Por eso admiro tanto la vocación por lo que uno se decide a
hacer, no importa qué sea: música, estudios, labores, amor. Admiro la fuerza
natural que produce el dedicarse incesantemente a algo, aun con miedo a perder,
esa voluntad, ese motivo para seguir, es el punto donde se mueve toda la energía,
toda la armonía; no importan tanto los resultados que se consiguen cuando el
camino es constante y decidido, y sincero y leal a lo que uno cree.
Las circunstancias pueden maltratarnos y hacernos caer
muchas veces en desesperación, en inmovilidad; es parte de la misma lucha y
está bien porque son instantes que nos ayudan a repensar las cosas pero esos
momentos no deben ganarnos la batalla diaria en la que somos todos guerreros de
nuestro propio bienestar.
El camino puede ser más importante que llegar.

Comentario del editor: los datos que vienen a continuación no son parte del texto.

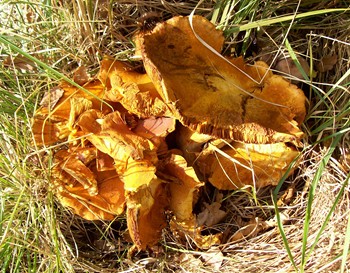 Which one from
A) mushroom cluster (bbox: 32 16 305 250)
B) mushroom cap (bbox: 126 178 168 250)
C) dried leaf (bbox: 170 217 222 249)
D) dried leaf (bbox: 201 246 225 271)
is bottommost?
dried leaf (bbox: 201 246 225 271)

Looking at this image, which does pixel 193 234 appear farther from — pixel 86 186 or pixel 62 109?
pixel 62 109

Por supuesto, el objetivo estará siempre, pero al final de
cuentas, creo que lo totalmente valioso es el esfuerzo y el compromiso que uno
entrega en pos de lograr eso que uno quiere, la satisfacción de saber que hizo
todo lo que está en sus manos por llegar a esa meta; así, conseguir ese final
es sólo la consecuencia, lo añadido a la magia de luchar.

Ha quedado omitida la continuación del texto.